La composition finale de la production dépendra notamment des caractéristiques de l’usine, de la disponibilité des matières premières, des débouchés commerciaux et des éventuels accords conclus avec des compagnies aériennes, des acteurs du transport maritime ou des distributeurs de carburants.

Le projet de Tan-Tan s’inscrit dans la stratégie de développement industriel de Synhelion. L’entreprise dispose déjà d’une unité de démonstration baptisée DAWN, destinée à tester et développer son procédé de production de carburants synthétiques renouvelables à une échelle supérieure à celle du laboratoire.

L’installation envisagée au Maroc représente cependant une nouvelle étape, puisqu’il s’agit d’un projet commercial dont la capacité annoncée est nettement supérieure à celle des premières unités de démonstration.

Les principaux paramètres restent encore à définir

Malgré les avancées annoncées, plusieurs éléments essentiels du projet doivent encore être arrêtés. Synhelion n’a notamment pas communiqué le montant de l’investissement, le calendrier prévisionnel de construction, les partenaires techniques ou encore la puissance d’énergie renouvelable qui serait nécessaire pour faire fonctionner l’installation.

Les futurs contrats de commercialisation du carburant restent également à préciser.

Ces données seront déterminantes pour mesurer l’impact économique du projet sur Tan-Tan et, plus largement, sur la région de Guelmim-Oued Noun. Une usine d’une capacité de 100 000 tonnes par an nécessitera des infrastructures adaptées, notamment pour la production d’énergie renouvelable, la transformation, le stockage et l’acheminement des carburants.

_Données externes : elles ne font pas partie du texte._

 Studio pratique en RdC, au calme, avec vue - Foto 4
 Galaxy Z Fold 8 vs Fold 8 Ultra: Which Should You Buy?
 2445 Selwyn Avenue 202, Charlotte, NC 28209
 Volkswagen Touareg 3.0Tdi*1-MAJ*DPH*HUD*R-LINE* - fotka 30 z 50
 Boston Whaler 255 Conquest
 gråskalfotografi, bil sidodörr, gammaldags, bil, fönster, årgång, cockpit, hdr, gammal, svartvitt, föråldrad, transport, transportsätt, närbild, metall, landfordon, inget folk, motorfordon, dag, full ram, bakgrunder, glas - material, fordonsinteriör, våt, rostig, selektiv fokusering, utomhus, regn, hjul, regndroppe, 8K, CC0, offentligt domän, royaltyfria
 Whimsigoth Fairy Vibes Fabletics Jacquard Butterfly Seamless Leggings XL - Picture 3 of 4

Le Maroc renforce sa position dans les carburants renouvelables

Le projet Synhelion pourrait contribuer à l’émergence d’une nouvelle chaîne industrielle autour des carburants renouvelables au Maroc. Au-delà de la production elle-même, l’investissement pourrait générer des opportunités pour les entreprises intervenant dans les équipements industriels, la maintenance, la logistique et les services liés aux énergies renouvelables.

Une partie de la production pourrait également être destinée à des marchés internationaux, notamment dans les secteurs où la demande en carburants renouvelables est appelée à progresser.

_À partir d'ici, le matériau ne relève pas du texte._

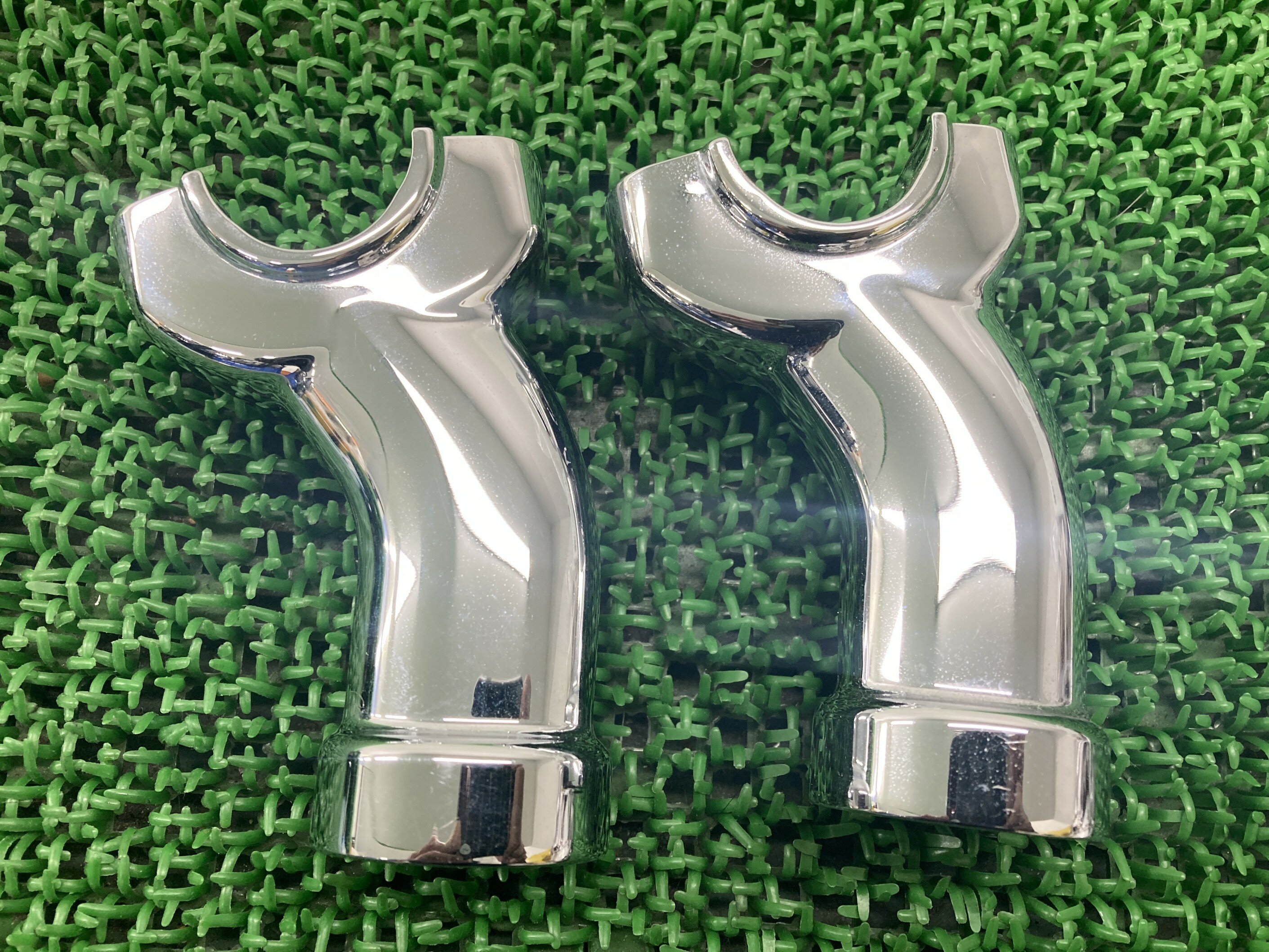 FXBRS ハンドルポスト ハーレー 純正 バイク 部品 ブレイクアウト FXBR ライザー コンディション良好 車検 Genuine 【中古】 87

À ce stade, aucun contrat d’achat de carburant ni partenariat industriel marocain spécifique n’a encore été annoncé par Synhelion. Les détails concernant les emplois susceptibles d’être générés par le projet restent eux aussi à préciser.

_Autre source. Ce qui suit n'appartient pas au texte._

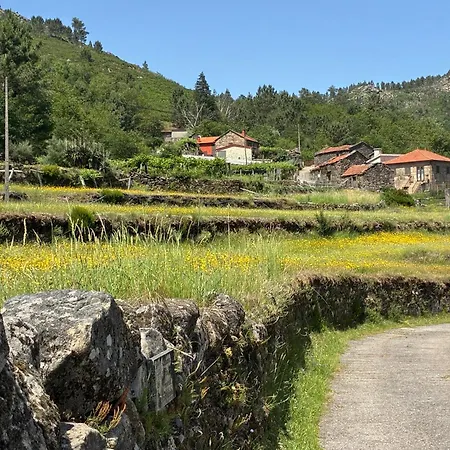 Casa Do Monte - Moncao Pocas do Monte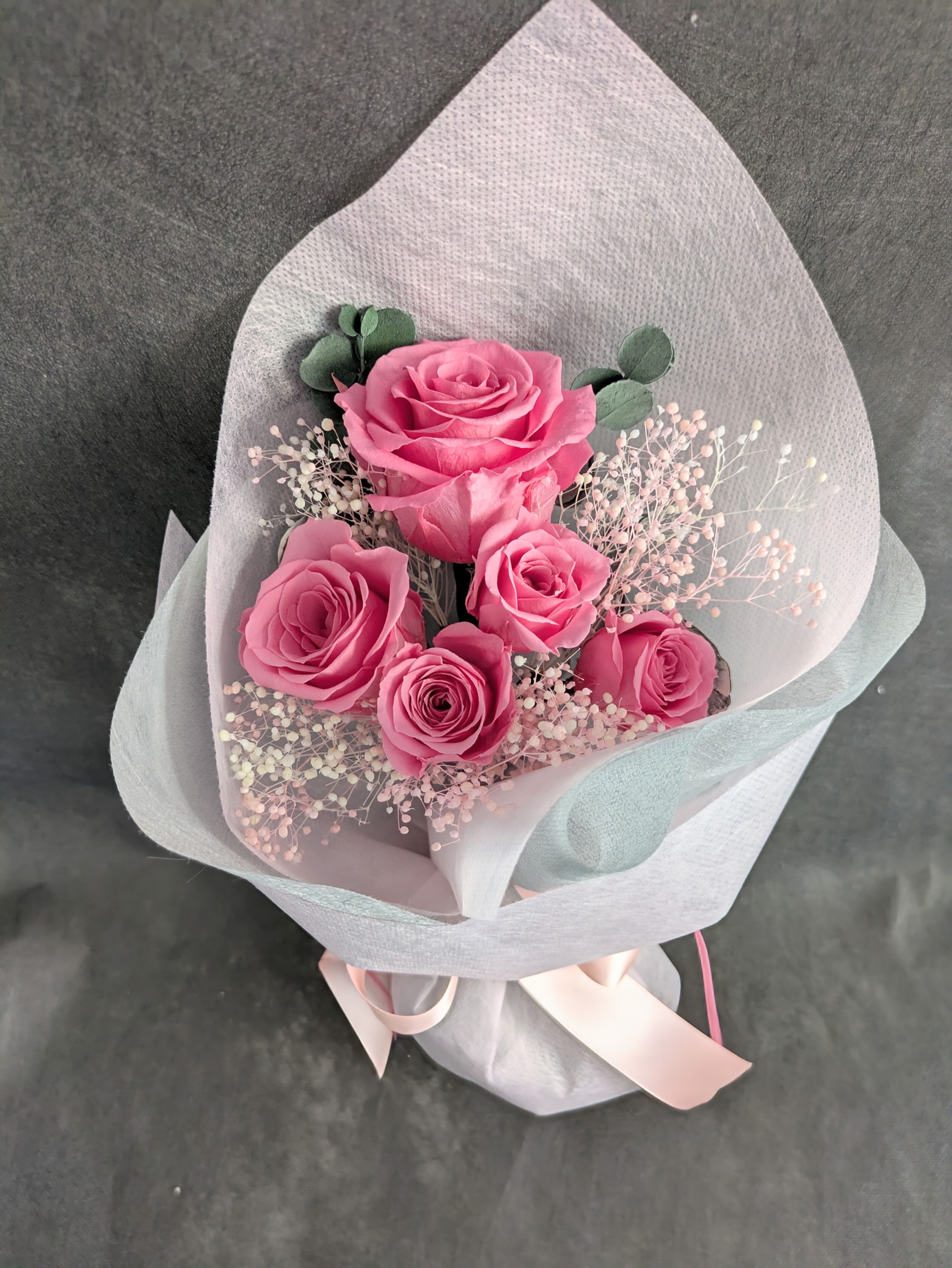 プリザーブドフラワーピンクの薔薇5輪の華色ふんわり花束（花束ラッピング）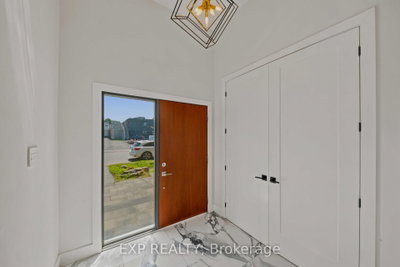 375 Madison Avenue • #B • Ottawa, ON photo 2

Le projet de Tan-Tan se trouve donc encore dans une phase préparatoire, mais il repose désormais sur plusieurs engagements concrets : un accord avec le gouvernement marocain, une réservation foncière et la création d’une structure locale.

La prochaine étape sera déterminante. Elle devra permettre de passer du cadre administratif actuel aux études techniques, au financement du projet et, à terme, à une éventuelle décision définitive d’investissement et de construction.